-- What to produce --
All of the data below must be reproduced word for word, but without its images.

Top of Data section

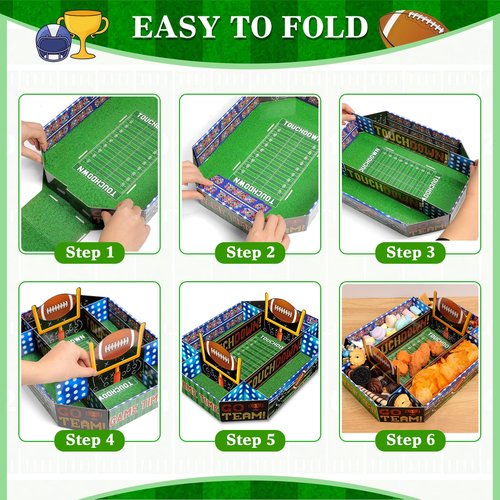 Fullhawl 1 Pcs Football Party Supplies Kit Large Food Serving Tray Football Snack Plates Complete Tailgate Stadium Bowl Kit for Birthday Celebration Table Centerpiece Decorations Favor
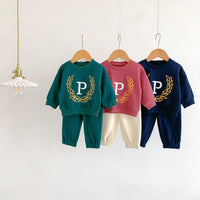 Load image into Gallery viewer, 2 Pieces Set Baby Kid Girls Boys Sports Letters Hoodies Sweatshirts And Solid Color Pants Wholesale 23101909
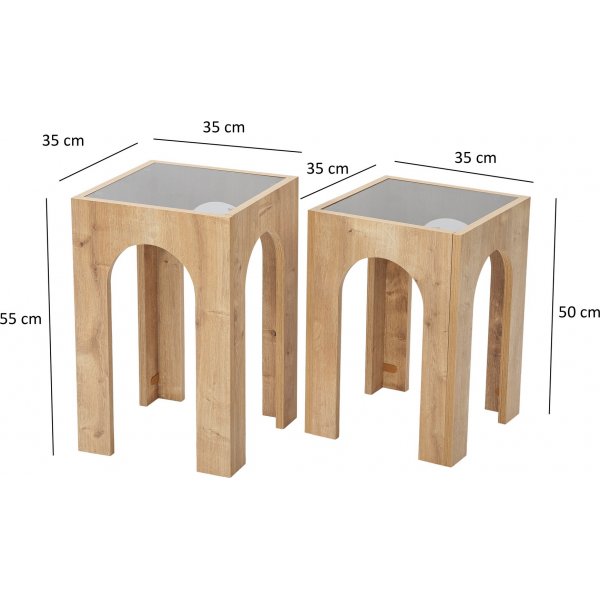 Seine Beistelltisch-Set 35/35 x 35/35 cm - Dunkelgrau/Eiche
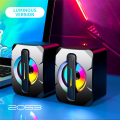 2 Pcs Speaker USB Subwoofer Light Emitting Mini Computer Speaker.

Bottom of Data section

-- Finished task --
 Fullhawl 1 Pcs Football Party Supplies Kit Large Food Serving Tray Football Snack Plates Complete Tailgate Stadium Bowl Kit for Birthday Celebration Table Centerpiece Decorations Favor
 Load image into Gallery viewer, 2 Pieces Set Baby Kid Girls Boys Sports Letters Hoodies Sweatshirts And Solid Color Pants Wholesale 23101909
 Seine Beistelltisch-Set 35/35 x 35/35 cm - Dunkelgrau/Eiche
 2 Pcs Speaker USB Subwoofer Light Emitting Mini Computer Speaker.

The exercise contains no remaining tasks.